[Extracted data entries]
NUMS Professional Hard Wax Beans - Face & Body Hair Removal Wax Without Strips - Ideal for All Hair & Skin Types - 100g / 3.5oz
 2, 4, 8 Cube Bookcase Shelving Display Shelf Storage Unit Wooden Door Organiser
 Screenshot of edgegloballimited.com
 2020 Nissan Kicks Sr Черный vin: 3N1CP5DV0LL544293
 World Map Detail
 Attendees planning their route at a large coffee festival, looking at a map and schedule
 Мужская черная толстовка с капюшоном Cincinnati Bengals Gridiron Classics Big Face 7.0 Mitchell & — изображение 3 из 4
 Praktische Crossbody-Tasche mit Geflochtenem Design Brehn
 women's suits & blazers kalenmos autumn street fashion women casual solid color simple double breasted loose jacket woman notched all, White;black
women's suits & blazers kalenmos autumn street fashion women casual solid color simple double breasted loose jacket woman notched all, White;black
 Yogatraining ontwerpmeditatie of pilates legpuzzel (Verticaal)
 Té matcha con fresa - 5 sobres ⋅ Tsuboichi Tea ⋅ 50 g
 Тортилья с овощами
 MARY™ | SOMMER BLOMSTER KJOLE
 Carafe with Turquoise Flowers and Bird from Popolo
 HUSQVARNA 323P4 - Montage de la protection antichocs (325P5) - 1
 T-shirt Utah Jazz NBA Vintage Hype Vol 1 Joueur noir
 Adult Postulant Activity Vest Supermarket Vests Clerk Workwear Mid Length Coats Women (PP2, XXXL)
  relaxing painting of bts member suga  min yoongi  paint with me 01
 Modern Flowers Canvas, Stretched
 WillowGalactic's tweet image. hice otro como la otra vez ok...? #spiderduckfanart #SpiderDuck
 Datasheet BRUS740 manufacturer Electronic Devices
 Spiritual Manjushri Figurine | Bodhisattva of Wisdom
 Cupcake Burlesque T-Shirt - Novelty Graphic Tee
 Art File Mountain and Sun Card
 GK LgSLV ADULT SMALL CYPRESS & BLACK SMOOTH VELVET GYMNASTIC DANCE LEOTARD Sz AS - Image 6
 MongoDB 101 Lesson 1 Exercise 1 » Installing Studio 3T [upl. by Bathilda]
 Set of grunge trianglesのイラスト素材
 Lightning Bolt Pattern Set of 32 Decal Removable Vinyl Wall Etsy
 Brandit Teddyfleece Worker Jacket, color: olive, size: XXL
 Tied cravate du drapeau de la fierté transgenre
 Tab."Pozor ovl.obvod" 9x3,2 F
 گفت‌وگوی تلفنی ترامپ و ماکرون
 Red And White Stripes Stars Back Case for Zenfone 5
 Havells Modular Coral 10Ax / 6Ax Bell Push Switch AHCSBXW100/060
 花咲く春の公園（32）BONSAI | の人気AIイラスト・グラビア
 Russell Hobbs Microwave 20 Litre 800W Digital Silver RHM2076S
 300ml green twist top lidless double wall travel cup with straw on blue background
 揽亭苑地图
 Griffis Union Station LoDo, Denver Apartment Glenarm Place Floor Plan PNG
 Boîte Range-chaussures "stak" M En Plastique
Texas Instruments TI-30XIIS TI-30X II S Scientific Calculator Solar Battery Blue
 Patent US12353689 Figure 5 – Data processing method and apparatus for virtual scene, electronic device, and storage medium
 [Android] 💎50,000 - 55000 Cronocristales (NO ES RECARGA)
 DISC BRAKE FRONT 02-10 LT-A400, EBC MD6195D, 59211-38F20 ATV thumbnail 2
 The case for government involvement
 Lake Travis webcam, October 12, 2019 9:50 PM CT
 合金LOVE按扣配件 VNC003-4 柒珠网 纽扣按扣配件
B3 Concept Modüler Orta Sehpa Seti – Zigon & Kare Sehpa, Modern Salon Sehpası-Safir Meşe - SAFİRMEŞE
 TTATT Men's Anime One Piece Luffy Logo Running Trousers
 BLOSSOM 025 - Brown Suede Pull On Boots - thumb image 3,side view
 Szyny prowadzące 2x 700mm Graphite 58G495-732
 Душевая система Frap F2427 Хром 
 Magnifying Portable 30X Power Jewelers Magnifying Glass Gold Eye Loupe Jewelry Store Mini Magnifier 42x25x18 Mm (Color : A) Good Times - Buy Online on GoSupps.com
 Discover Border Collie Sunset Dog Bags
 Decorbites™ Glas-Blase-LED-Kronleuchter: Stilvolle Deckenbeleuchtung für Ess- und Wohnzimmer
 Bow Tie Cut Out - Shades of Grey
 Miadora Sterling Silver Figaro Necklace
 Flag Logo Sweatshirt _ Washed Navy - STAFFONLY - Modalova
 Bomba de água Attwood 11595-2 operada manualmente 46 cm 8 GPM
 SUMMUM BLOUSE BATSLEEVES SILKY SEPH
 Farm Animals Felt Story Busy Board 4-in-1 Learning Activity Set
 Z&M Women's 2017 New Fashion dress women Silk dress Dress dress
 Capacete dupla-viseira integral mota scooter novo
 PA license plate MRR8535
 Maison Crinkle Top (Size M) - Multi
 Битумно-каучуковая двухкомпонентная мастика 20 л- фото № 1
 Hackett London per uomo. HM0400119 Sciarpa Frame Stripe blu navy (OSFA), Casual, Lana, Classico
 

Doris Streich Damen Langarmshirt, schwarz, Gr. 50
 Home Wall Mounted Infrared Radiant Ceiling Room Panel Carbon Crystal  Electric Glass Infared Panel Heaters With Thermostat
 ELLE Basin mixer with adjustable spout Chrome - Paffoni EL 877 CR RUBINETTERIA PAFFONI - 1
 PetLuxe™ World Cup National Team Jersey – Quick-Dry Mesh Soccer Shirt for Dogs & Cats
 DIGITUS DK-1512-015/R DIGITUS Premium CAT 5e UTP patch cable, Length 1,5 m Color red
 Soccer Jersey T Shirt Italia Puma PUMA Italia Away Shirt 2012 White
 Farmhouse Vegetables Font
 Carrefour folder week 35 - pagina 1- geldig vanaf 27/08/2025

(Directions):
Write out word for word only the lines from the start of the entries down to the line with "Attendees planning their", please, including both ends.

(Your solution):
NUMS Professional Hard Wax Beans - Face & Body Hair Removal Wax Without Strips - Ideal for All Hair & Skin Types - 100g / 3.5oz
 2, 4, 8 Cube Bookcase Shelving Display Shelf Storage Unit Wooden Door Organiser
 Screenshot of edgegloballimited.com
 2020 Nissan Kicks Sr Черный vin: 3N1CP5DV0LL544293
 World Map Detail
 Attendees planning their route at a large coffee festival, looking at a map and schedule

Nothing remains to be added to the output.